If crunchy cucumbers and a flavor-packed salad dressing is your thing too, let’s get started right away!
Salad ingredients
Let’s look at what goes into this easy salad recipe:
(You can find the exact measurements and instructions in the printable recipe card at the end of this page.)
- Vegetables:
- Cucumber: I prefer Japanese cucumbers for this salad recipe. They are thin skinned and have minimal seeds. They have less water content than other types of cucumbers. They are the sweetest and most flavorful crisp cucumbers. Can’t find them? Use baby cucumbers or Persian cucumbers.
- Carrots: Choose bright and firm ones.
- Other vegetables: You can add a red onion and bell pepper, too.
- Asian sesame dressing ingredients:
- White sesame seeds: You can buy roasted sesame seeds. If not available, buy raw sesame seeds and roast them. Alternatively, you can also buy roasted sesame paste from any Asian store.
- Sesame oil: One of the ingredients that contribute to the Asian flavors. You can use olive oil, but with a slight difference in taste.
- Rice vinegar: If you love fruity flavors, you can substitute it with apple cider vinegar.
- Ginger and garlic powder: Using ground versions helps you avoid biting into raw ginger and garlic.
- Lemon juice or lime juice.
- Honey: Replace with sugar for a vegan recipe.
- Light soy sauce gives a mild umami flavor without overpowering the salad dressing.
- Red pepper flakes and black pepper
- Fresh herbs: Green onions or cilantro. Fresh mint also goes well with this Asian salad.
- Other mix-ins: Any combination of toasted nuts and seeds like peanuts, white/black sesame seeds or cashews.
How to make carrot cucumber salad
This simple recipe for Asian carrot salad with cucumbers is almost done once you salt the cucumbers and make roasted sesame paste. The rest is just combining the ingredients together.
1. Salt the cucumbers
As we all know, cucumbers have a lot of water content. It can turn a crunchy salad into a soggy one the moment you add seasoning.
The trick is to remove as much moisture from the cucumbers as possible. This involves a couple of simple steps.
Start with trimming and slicing them THE RIGHT WAY.
Trim the ends of the cucumber and halve lengthwise.
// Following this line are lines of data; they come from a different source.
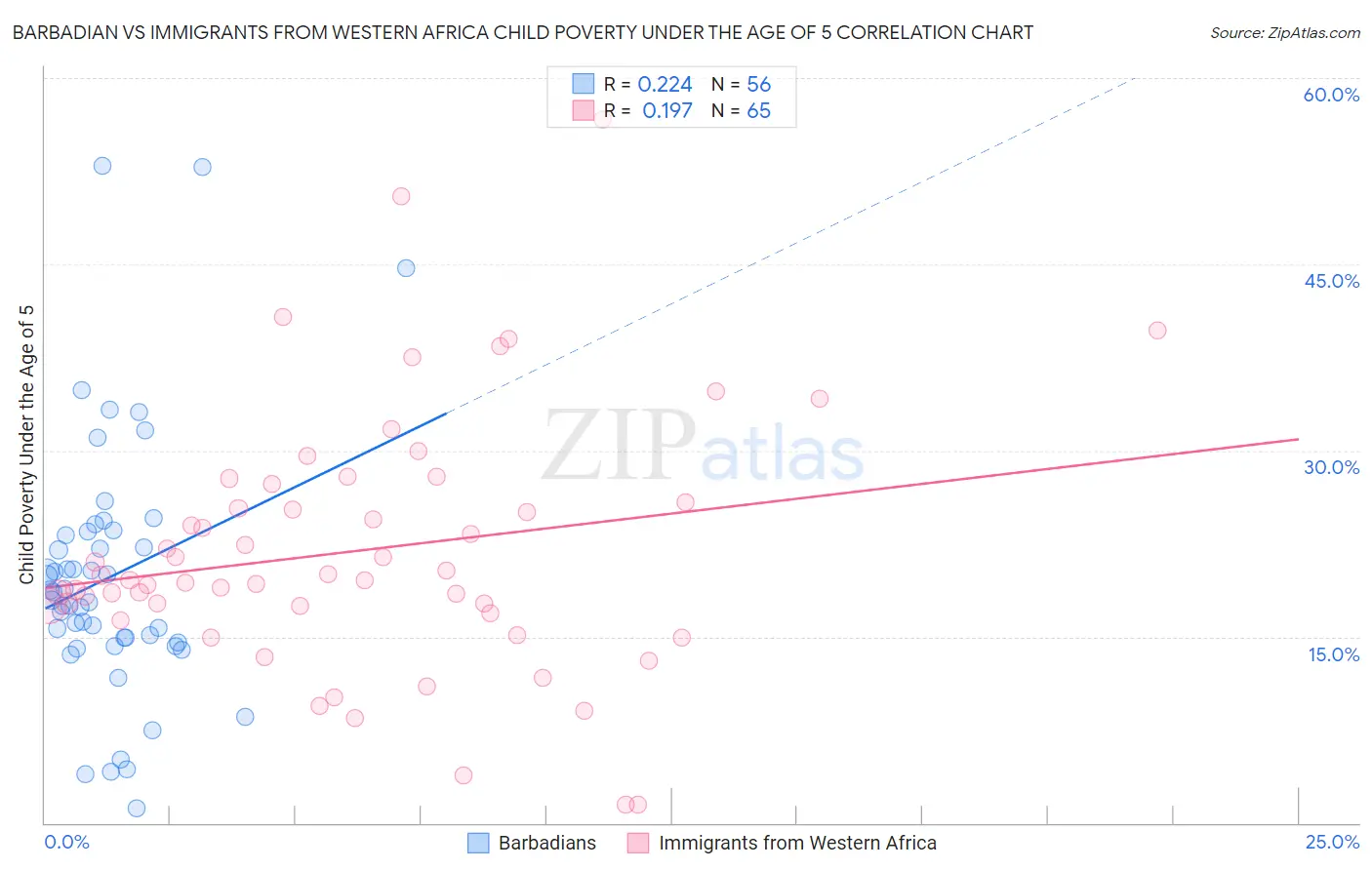 Barbadian vs Immigrants from Western Africa Child Poverty Under the Age of 5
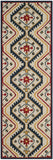 Safavieh Aspen 701 Hand Tufted Wool Rug APN701A-3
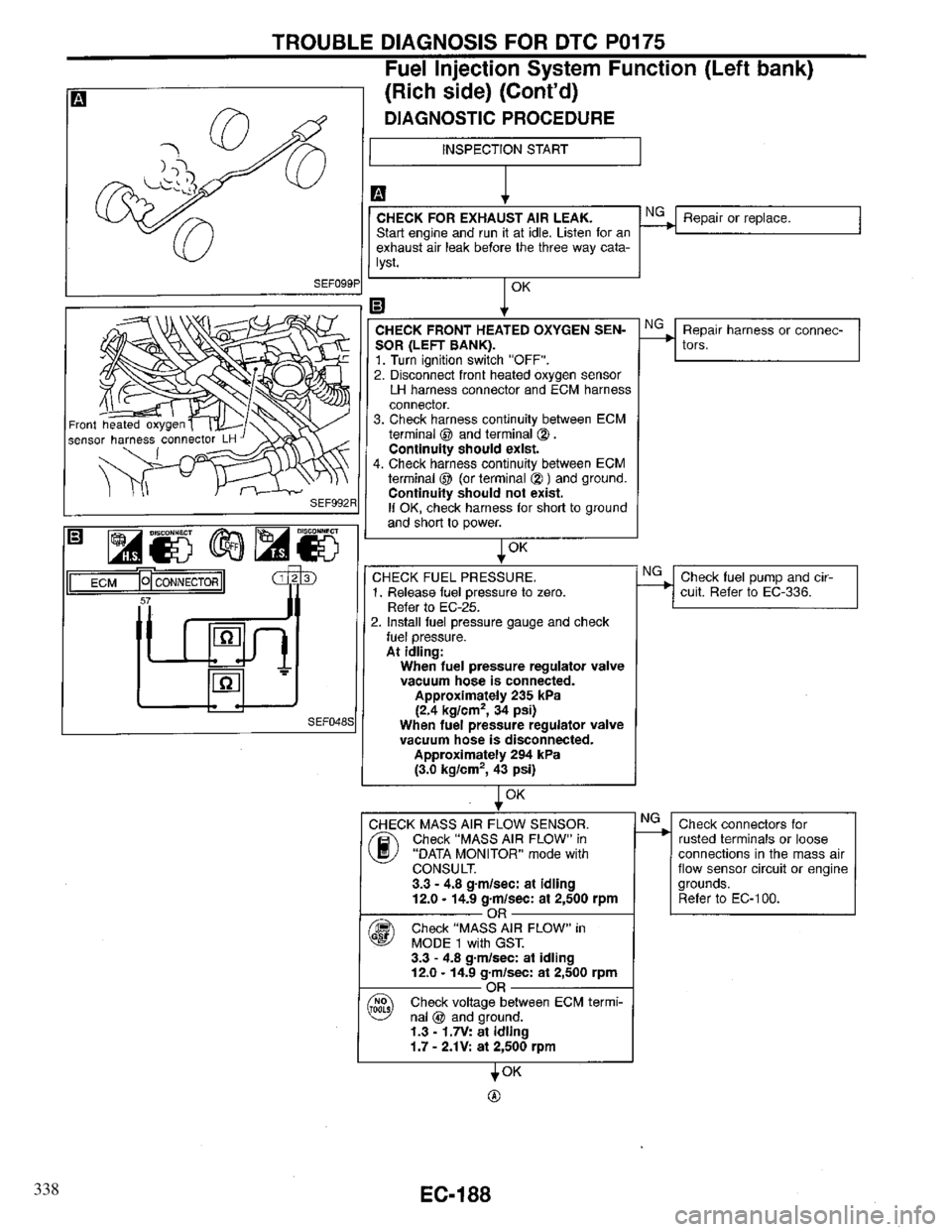 INFINITI QX4 1997  Factory Service Manual 338 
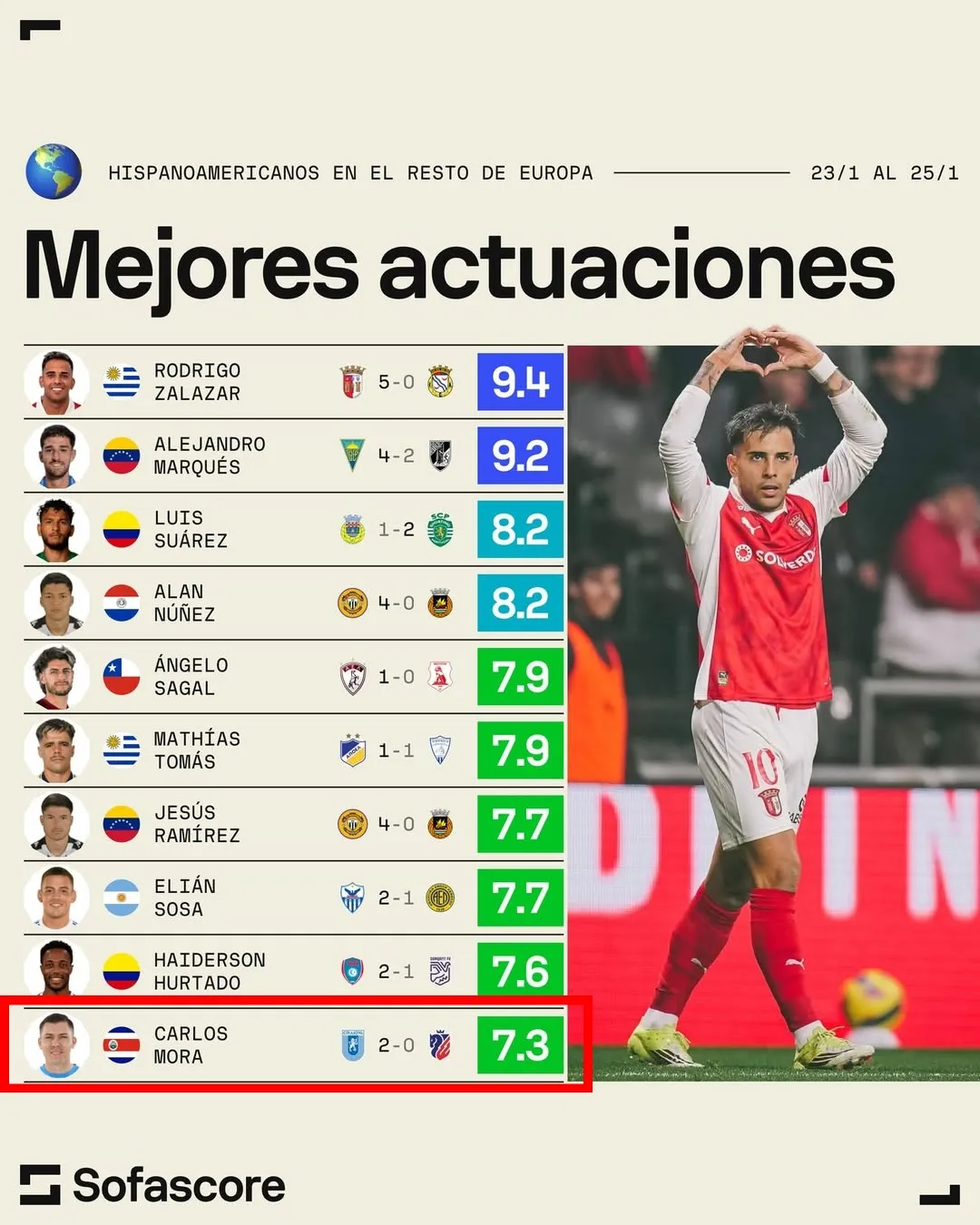 Carlos Mora fue destacado este fin de semana.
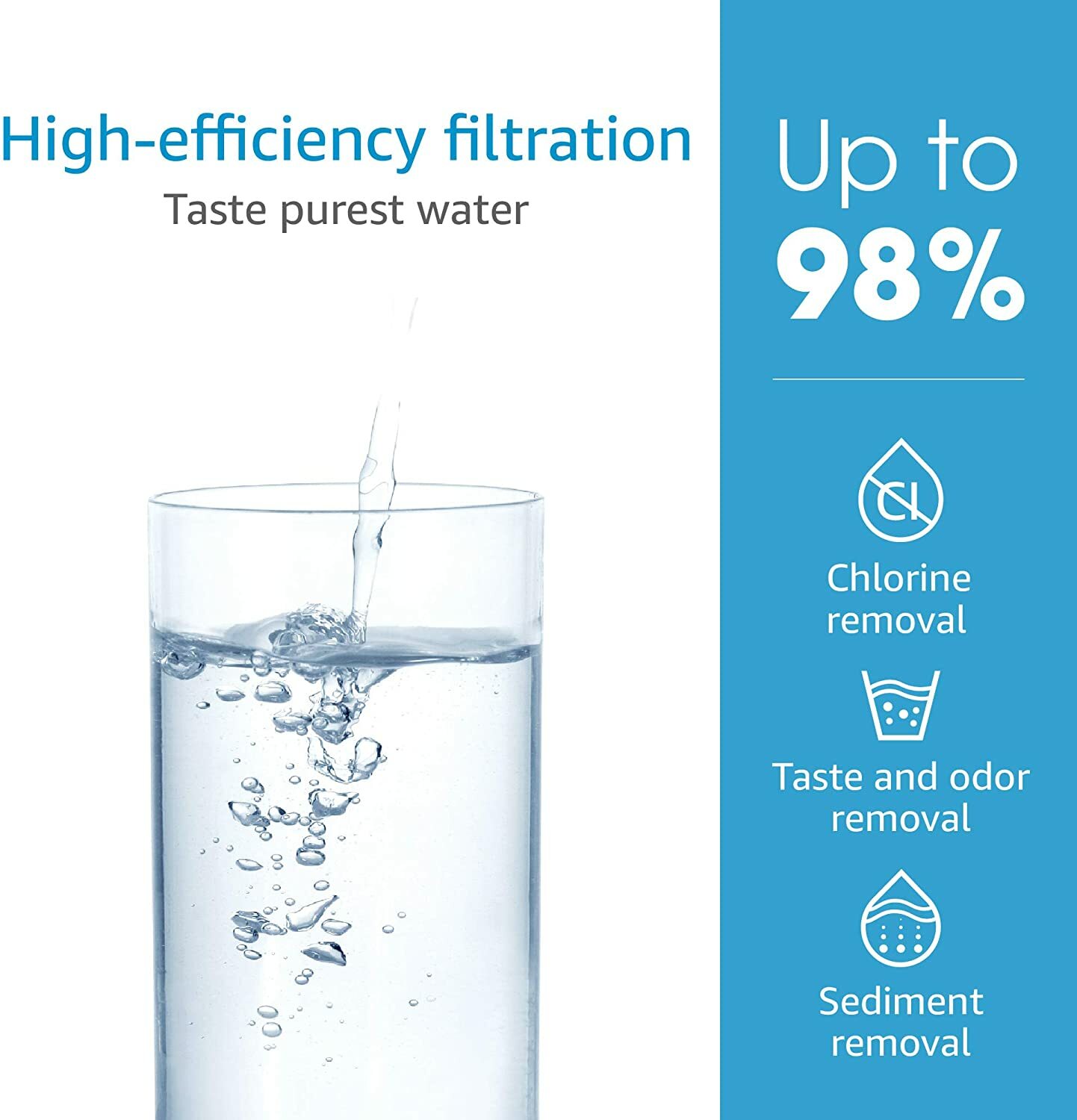 Fits F-201R Instant Hot Water Dispenser Replacement Filter Cartridge F201R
Using the back of a spoon, remove the pulp in the middle.
Slice the halves thinly. (Leave the skin on.)
Mix the cucumber slices with salt. Leave them to drain in a colander for 30 minutes.
2. Make roasted sesame dressing
Deep-roast the sesame seeds: (Skip this step if you’re using roasted sesame paste.)
Heat a large pan or wok. Roast sesame seeds to a golden brown on low heat.
Even if your seeds are pre-roasted, roast them for a few minutes to deepen the flavor and color.
Let the seeds cool a bit. Using a spice blender or food processor, grind the seeds.
Initially, they will have a grainy texture. Scrape the sides and keep grinding. Eventually the seeds will release oil and form a smooth paste.
Toast sesame oil: Make this super-quick chilli oil: Heat sesame oil in a small pan on low heat.
Add red pepper flakes and turn off the heat. Let it sizzle and cool down.
This way, you toast the sesame oil and infuse it with chili flavor simultaneously.
Mix the rest of the ingredients: Transfer the chili oil to a small bowl or salad dressing shaker. Add rice vinegar, lemon juice, honey, soy sauce, roasted sesame paste and black pepper.
Whisk or shake until the dressing is combined and emulsified. It will look like a thick vinaigrette dressing.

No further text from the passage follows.